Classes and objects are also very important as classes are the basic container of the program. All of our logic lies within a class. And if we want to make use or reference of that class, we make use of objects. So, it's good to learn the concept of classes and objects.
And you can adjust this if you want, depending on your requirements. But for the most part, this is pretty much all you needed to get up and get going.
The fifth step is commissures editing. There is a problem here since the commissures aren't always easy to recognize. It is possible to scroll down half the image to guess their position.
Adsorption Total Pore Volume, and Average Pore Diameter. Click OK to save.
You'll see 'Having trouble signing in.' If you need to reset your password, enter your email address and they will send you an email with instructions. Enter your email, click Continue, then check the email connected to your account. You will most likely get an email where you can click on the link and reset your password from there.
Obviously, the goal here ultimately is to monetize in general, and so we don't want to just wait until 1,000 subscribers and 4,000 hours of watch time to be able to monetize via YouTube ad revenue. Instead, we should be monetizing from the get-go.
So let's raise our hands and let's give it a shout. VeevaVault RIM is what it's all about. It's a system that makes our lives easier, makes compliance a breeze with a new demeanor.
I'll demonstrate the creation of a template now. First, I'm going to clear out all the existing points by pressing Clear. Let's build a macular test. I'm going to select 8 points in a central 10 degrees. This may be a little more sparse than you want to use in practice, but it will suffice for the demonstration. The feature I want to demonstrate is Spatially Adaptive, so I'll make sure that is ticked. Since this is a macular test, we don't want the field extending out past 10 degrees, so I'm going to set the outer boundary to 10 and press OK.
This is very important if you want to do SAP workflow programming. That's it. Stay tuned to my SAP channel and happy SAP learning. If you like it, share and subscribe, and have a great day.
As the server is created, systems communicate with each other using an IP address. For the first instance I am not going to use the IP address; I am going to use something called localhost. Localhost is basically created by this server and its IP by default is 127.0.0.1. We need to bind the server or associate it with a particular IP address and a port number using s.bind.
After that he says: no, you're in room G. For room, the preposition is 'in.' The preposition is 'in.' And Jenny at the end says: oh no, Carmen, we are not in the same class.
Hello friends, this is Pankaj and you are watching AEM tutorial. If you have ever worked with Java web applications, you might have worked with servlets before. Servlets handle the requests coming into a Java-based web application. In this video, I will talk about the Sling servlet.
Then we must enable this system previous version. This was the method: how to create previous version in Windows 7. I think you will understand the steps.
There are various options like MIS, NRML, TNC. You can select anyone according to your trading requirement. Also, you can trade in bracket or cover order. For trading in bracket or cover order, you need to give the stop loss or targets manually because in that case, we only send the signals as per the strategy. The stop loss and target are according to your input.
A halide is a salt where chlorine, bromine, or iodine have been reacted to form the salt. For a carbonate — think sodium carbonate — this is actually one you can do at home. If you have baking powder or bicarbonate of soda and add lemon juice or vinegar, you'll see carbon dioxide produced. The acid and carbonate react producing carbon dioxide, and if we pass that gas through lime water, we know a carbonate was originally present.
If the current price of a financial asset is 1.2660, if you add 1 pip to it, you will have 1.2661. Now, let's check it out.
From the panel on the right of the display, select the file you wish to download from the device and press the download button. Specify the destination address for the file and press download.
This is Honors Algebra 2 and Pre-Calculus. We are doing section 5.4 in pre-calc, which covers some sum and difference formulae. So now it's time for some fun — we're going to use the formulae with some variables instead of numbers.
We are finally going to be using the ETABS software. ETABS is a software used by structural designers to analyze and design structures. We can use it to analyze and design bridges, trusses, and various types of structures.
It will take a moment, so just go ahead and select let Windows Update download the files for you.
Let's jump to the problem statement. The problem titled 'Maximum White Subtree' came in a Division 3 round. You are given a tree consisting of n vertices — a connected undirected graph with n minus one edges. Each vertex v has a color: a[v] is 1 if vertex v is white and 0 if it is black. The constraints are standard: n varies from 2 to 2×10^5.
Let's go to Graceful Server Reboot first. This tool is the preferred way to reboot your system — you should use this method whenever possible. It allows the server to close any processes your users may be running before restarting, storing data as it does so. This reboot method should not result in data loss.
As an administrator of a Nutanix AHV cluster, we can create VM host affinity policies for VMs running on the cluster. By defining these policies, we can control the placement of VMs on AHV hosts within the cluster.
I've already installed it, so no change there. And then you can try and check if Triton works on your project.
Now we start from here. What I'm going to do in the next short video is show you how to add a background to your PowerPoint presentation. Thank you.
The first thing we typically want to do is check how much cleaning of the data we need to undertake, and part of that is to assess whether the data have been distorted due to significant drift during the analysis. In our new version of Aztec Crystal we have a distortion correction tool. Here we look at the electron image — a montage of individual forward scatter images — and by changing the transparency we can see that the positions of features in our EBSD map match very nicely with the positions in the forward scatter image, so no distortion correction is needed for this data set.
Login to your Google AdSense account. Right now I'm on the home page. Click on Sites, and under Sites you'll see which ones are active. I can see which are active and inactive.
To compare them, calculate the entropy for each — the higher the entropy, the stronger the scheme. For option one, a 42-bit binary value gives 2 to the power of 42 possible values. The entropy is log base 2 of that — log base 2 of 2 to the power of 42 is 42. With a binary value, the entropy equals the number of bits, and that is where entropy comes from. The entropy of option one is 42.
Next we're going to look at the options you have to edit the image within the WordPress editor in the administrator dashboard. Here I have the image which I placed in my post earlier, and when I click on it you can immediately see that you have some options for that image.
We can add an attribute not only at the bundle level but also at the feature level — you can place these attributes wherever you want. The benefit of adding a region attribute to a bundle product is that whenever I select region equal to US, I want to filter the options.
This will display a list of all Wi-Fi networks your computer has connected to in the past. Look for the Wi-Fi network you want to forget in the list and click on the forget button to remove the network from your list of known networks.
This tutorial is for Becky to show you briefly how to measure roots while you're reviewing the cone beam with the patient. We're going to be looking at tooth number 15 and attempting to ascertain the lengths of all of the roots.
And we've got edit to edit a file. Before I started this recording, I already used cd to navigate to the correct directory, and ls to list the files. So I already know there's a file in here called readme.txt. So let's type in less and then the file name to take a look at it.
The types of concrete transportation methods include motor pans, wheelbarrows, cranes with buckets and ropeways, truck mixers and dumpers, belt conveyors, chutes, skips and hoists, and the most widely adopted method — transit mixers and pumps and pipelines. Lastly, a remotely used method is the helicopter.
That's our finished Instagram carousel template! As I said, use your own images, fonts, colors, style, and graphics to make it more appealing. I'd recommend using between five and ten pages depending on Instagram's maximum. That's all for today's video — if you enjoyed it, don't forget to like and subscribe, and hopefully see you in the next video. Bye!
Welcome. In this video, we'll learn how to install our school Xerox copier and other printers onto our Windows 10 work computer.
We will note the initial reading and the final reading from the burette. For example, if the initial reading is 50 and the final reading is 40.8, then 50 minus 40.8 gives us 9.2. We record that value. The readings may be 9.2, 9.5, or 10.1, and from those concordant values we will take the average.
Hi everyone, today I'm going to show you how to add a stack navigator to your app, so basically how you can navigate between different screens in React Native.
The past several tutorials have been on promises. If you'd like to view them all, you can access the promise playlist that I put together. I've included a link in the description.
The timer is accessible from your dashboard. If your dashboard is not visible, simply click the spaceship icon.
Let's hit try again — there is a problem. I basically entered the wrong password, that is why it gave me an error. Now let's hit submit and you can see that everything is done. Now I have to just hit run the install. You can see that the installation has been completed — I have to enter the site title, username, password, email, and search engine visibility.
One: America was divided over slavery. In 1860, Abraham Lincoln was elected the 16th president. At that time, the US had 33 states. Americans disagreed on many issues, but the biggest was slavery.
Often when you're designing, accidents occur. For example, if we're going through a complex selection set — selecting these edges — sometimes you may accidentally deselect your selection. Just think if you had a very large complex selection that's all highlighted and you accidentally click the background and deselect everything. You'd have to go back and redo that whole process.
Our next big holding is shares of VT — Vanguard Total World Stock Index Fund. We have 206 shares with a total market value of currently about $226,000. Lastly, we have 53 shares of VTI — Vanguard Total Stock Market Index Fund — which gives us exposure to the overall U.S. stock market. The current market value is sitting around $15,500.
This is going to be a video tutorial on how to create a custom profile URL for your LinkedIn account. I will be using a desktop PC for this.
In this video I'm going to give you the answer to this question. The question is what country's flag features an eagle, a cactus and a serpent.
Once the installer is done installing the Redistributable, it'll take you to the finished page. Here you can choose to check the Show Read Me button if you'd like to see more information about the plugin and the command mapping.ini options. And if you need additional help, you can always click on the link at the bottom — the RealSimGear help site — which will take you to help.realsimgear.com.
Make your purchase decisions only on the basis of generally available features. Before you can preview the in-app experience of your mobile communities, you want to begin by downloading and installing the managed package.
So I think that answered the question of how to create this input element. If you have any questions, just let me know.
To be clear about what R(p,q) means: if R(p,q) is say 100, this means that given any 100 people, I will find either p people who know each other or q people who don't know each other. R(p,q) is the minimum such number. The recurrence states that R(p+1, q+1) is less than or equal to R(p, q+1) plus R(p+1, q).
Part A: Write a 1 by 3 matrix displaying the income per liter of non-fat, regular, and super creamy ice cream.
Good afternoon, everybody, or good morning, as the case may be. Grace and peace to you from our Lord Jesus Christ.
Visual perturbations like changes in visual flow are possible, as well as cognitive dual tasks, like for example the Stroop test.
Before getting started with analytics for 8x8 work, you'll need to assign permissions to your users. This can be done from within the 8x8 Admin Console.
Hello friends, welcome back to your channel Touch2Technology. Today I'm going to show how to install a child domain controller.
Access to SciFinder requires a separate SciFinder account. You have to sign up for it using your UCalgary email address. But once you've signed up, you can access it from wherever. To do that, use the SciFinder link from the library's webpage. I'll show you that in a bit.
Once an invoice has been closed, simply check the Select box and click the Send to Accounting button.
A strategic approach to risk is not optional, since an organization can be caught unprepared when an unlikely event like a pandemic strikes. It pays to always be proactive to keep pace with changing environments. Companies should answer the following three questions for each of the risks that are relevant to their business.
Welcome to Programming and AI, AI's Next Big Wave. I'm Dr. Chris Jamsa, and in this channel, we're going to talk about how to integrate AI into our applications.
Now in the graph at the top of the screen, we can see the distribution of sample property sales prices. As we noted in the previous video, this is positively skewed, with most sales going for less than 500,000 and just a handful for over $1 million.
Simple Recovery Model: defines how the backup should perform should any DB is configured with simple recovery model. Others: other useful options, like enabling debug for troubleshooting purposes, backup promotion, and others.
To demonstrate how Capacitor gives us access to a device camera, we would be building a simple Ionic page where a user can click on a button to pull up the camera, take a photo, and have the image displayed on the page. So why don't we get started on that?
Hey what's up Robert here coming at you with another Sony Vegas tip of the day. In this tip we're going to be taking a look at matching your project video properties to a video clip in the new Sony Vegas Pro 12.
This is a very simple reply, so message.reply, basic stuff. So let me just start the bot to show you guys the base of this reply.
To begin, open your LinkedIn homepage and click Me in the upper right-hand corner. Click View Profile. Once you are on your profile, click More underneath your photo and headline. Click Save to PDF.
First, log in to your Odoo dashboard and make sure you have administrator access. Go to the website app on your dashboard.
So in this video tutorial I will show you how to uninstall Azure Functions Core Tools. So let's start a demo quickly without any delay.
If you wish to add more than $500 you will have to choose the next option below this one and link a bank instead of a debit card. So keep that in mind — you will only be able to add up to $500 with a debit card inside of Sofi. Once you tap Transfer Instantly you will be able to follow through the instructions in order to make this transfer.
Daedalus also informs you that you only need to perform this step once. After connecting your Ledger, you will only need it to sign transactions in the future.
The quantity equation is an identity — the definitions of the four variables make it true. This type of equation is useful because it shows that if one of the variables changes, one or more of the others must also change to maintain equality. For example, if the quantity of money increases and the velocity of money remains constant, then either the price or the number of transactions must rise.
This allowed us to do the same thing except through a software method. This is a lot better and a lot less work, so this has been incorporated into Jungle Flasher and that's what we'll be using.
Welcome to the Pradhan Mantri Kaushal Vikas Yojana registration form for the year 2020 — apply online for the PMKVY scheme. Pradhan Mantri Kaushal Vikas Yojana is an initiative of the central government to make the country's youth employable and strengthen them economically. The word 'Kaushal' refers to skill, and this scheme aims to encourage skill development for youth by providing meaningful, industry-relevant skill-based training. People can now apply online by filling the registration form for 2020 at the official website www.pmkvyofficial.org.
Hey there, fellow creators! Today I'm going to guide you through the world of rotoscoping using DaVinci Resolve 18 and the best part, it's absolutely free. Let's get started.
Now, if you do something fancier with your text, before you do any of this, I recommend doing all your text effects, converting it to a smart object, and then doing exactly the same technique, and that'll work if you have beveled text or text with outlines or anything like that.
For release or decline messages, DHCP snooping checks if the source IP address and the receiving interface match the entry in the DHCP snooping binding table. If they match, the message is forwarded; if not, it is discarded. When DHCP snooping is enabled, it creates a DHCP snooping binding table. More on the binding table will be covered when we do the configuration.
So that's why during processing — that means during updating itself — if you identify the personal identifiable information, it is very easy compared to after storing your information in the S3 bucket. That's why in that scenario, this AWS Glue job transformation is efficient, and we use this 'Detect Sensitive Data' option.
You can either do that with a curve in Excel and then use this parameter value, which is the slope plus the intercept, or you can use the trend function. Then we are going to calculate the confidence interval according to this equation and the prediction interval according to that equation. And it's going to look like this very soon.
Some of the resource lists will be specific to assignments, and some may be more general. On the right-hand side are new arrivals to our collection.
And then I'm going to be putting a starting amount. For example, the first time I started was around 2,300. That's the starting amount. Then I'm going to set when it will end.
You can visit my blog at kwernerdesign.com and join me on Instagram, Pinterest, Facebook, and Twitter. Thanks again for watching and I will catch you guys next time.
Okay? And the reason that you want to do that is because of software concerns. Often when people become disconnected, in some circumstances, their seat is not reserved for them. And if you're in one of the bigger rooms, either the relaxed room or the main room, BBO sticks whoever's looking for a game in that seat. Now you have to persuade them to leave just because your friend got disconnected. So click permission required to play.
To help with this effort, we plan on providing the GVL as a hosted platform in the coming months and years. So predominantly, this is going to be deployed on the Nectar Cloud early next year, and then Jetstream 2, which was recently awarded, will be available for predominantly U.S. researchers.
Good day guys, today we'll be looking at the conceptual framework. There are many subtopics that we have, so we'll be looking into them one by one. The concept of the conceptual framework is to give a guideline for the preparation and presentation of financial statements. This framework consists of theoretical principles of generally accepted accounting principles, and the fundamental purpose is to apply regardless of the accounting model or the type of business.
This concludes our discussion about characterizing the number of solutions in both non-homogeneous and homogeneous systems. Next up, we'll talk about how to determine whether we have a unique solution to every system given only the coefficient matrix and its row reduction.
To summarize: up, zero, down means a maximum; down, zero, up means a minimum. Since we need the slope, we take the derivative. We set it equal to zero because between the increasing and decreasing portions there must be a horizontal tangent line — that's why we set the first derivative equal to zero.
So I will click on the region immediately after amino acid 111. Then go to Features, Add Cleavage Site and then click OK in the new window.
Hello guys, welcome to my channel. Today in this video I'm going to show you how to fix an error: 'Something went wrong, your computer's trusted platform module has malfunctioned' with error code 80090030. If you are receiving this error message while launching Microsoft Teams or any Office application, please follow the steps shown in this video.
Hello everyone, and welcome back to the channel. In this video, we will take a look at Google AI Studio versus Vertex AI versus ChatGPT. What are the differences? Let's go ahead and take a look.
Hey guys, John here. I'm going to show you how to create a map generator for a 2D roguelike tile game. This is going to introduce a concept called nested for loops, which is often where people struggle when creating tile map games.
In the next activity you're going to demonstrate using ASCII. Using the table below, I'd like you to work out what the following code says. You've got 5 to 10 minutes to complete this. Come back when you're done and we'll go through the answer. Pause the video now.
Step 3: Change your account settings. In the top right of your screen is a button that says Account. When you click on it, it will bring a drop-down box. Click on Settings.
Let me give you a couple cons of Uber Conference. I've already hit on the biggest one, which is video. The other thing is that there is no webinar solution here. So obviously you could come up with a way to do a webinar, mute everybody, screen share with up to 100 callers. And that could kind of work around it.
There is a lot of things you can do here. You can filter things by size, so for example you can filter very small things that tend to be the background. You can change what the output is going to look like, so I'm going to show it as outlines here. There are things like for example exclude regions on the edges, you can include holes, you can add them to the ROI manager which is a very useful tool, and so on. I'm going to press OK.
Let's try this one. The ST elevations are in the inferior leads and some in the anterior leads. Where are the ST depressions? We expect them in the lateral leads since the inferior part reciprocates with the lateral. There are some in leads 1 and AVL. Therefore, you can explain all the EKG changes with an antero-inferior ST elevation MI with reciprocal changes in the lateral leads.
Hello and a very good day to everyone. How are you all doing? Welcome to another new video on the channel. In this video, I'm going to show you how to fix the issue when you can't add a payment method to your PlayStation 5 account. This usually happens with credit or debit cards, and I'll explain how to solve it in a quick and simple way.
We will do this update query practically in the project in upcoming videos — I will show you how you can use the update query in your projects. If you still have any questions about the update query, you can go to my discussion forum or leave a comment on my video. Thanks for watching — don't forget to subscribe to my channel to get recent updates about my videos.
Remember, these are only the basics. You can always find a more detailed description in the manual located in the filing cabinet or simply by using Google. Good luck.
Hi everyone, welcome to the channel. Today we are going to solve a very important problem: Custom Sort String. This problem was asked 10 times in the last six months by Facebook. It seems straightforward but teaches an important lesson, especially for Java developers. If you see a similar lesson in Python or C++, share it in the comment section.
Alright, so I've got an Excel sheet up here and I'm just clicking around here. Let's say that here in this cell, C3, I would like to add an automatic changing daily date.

_____

What is being asked:
Find where the line with "If the current" sits in the material above, then copy exactly from it through the line with "Let's go to". Add no other line.

Response to the task:
If the current price of a financial asset is 1.2660, if you add 1 pip to it, you will have 1.2661. Now, let's check it out.
From the panel on the right of the display, select the file you wish to download from the device and press the download button. Specify the destination address for the file and press download.
This is Honors Algebra 2 and Pre-Calculus. We are doing section 5.4 in pre-calc, which covers some sum and difference formulae. So now it's time for some fun — we're going to use the formulae with some variables instead of numbers.
We are finally going to be using the ETABS software. ETABS is a software used by structural designers to analyze and design structures. We can use it to analyze and design bridges, trusses, and various types of structures.
It will take a moment, so just go ahead and select let Windows Update download the files for you.
Let's jump to the problem statement. The problem titled 'Maximum White Subtree' came in a Division 3 round. You are given a tree consisting of n vertices — a connected undirected graph with n minus one edges. Each vertex v has a color: a[v] is 1 if vertex v is white and 0 if it is black. The constraints are standard: n varies from 2 to 2×10^5.
Let's go to Graceful Server Reboot first. This tool is the preferred way to reboot your system — you should use this method whenever possible. It allows the server to close any processes your users may be running before restarting, storing data as it does so. This reboot method should not result in data loss.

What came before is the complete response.